There is a good article on BBC website

3 comments:

Michael Petek said...

I think the key doctrine here is Augustine's, in which he said that God has bound us by the sacraments, but is not Himself bound by them. He is fully capable of saving, and bringing to the Beatific Vision, by a sovereign act anyone to whom the sacraments are, through no fault of their own, unavailable.

The BBC website has a comment by Father Brian Harrison (who I met in Lincoln, Nebraska two years ago) who told the BBC News website that while limbo may have been a "hypothesis", the clear "doctrine of the Catholic Church for two millennia has been that wherever the souls of such infants do go, they definitely don't go to heaven."

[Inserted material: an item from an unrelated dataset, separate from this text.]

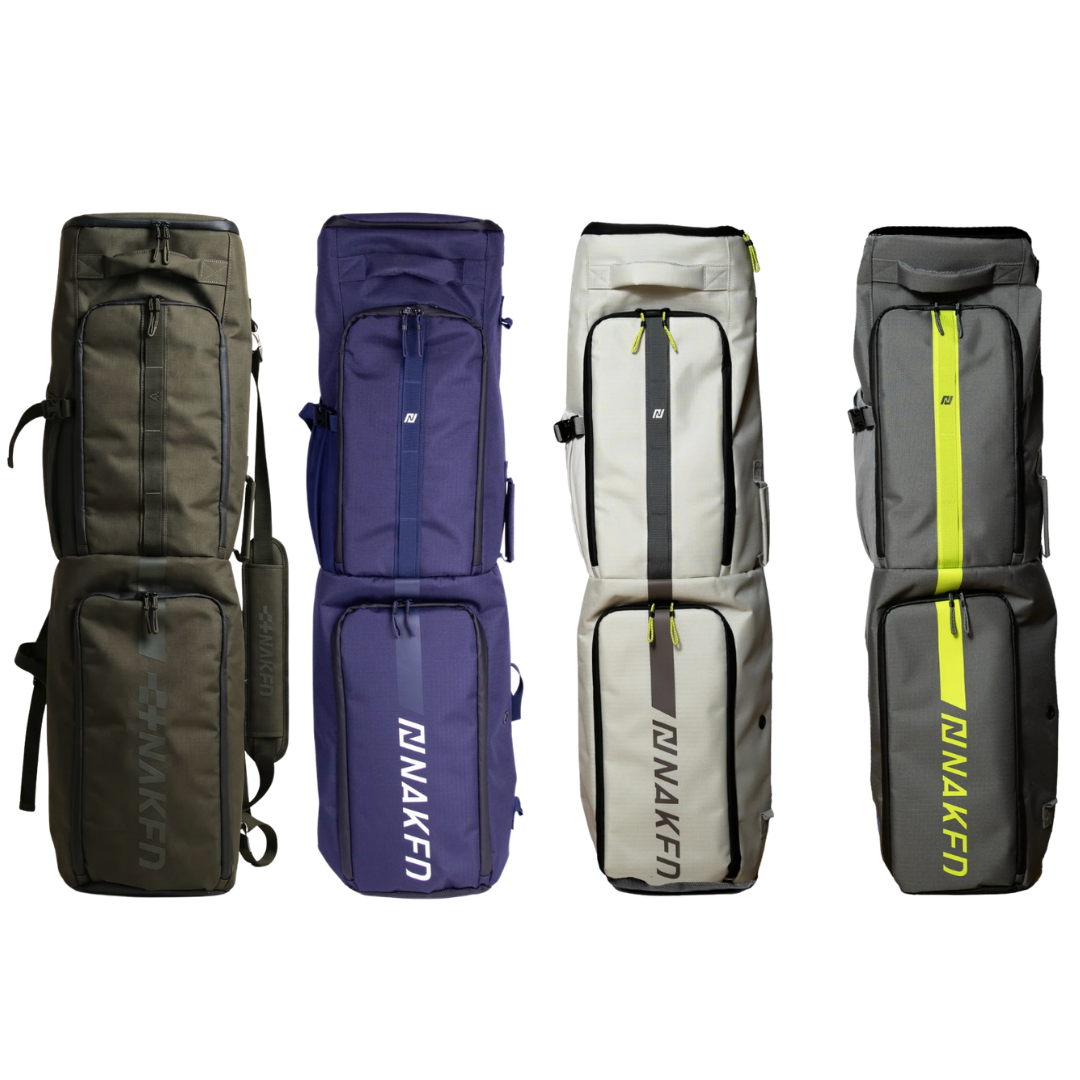 The 45L Stickbag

Thet begs the question - especially pertinent in view of the vast numbers of infants who die by spontaneous or induced abortion - of whether there are, in fact, any "such" infants whom God allows to die without the grace that takes away original sin.

The doctrine of limbus infantum might be better formulated hypothetically: if anyone were to die in originated original sin only, then they would be excluded from the Beatific Vision, yet not be punished in retribution, for there is no personal sin for which they could be damned.

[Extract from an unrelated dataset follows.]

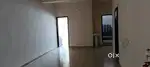 FLAT FOR SALE URGENT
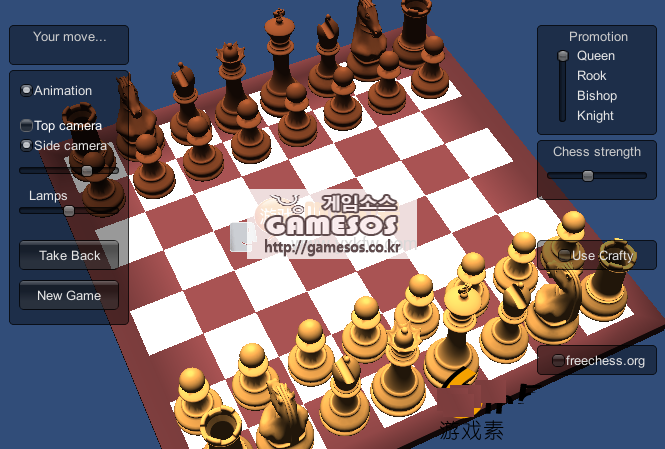 165506m8cpe66ce6p3e66o.png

But originated original sin, in an infant soul to whom prevenient grace is applied, establishes no obstacle to its sanctification, in which case why would God not lead it to the supernatural destiny He has appointed for it?

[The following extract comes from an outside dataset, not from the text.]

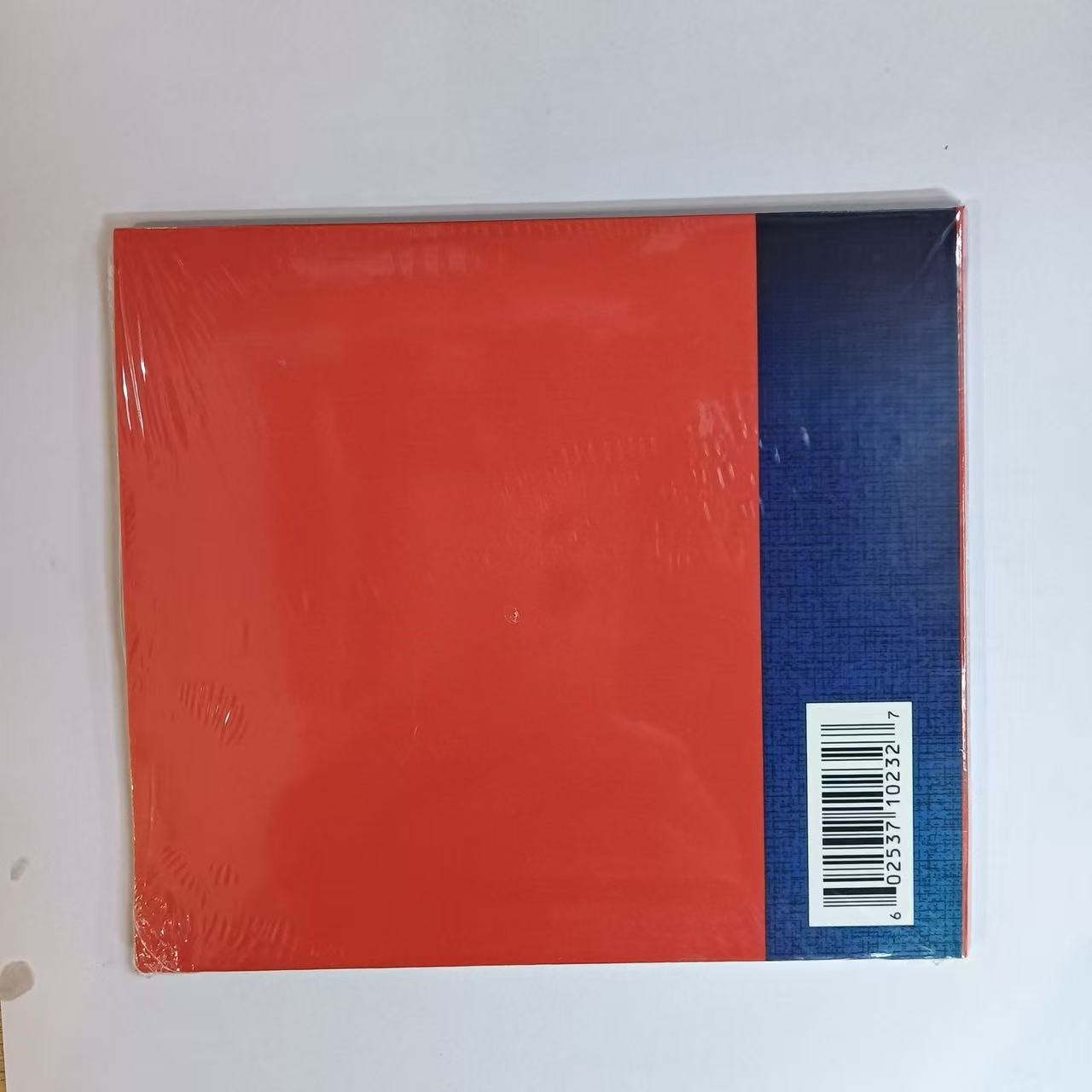 Çağdaş R&B Müzik CD'si, Yumuşa - Audio Music Original incelemesi ve fiyatı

Now that I've mentioned Father Harrison, I remember putting to him for comment a point from the floor at the Christ the King Symposium, in regard to the Catholic Church's teaching on freedom of conscience (he has articles on the subject at http://www.rtforum.org/lt/index.html).

The Council document Dignitatis Humanae taught that everyone has the right not to be coerced by civil authority into disobeying a command or prohibition of conscience.

The point was that it is impossible for anyone who was not an ethical monotheist, whether pagan, secularist or atheist, to have a conscience other than a purely permissive one, which would in that case not fall within the terms of Dignitatis Humanae.

Father Harrison indicated disagreement, but did not have the time or the occasion later on to elaborate. Any takers?

Fr Ray Blake said...

The whole point, Michael, is what happens to those who die before the age of reason, that persumably relates to the formation of anything that could be called a conscience in the sense that we would normally use it nowadays.

I would hope that the ITC are actually looking that as well as "Limbo". I think Limbo is a useful tool to begin asking a lot of very important questions, for example the importance of baptism and evangelisation, the value or otherwise of visible union with the Church. Etc.

Anonymous said...

a) The International Theological Commission has no magisterial status so it doesn’t matter what it says. (Its creation along with the new style Pontifical Biblical Commission was accordingly a bad idea).

b) It appears to be the unanimous opinion of the fathers and doctors of the Church that Limbo is the best possible state an un-baptised infant might reach after death. The unanimous opinion of the Fathers is binding in faith and morals.

c) Cajetan thought that the children of Catholic parents who died before baptism might be cleansed of original sin by a vicarious baptism of desire.

d) Aborted children might receive baptism of blood by analogy with the Holy Innocents if the anti-Christian aims of the legislators and activists who sought the legalisation of this crime constitute a strong enough parallel to Herod’s command to massacre the innocents of Bethlehem.

e) The last two points (c) and (d) are pretty uncertain.

f) To go beyond this and say that all infants dying before baptism are cleansed of original sin (at the moment of death?) is to abandon the doctrine of original sin to intents and purposes.